§ **WHAT TO WORK ON**
Which of the lines below include "with"? Each one should be copied out.

§ **MATERIALS PROVIDED**
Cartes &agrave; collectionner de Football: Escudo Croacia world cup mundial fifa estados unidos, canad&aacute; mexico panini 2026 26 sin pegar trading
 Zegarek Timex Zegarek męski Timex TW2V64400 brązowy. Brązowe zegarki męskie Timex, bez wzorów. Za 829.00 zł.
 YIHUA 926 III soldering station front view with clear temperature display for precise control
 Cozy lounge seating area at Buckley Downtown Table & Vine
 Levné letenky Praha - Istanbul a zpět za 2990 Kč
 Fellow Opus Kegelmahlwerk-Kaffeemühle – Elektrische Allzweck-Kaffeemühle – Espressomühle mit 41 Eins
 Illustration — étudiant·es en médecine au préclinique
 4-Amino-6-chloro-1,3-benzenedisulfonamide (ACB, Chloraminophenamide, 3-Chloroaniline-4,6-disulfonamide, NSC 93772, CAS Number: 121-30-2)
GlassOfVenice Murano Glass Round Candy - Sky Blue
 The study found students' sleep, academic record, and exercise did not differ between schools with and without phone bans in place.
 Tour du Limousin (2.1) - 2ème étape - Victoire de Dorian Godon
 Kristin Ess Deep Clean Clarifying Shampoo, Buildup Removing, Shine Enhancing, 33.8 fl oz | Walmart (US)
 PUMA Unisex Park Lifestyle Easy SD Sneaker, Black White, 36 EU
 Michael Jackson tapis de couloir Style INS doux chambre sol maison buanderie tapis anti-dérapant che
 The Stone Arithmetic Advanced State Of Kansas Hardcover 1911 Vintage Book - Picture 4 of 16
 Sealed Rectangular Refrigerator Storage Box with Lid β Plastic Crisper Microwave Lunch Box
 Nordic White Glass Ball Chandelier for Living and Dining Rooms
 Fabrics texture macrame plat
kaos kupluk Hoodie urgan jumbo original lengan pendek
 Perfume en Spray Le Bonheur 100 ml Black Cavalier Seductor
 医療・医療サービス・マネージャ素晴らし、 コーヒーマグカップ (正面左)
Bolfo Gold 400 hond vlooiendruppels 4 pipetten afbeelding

§ **TASK RESULT**
 YIHUA 926 III soldering station front view with clear temperature display for precise control
 The study found students' sleep, academic record, and exercise did not differ between schools with and without phone bans in place.
 Sealed Rectangular Refrigerator Storage Box with Lid β Plastic Crisper Microwave Lunch Box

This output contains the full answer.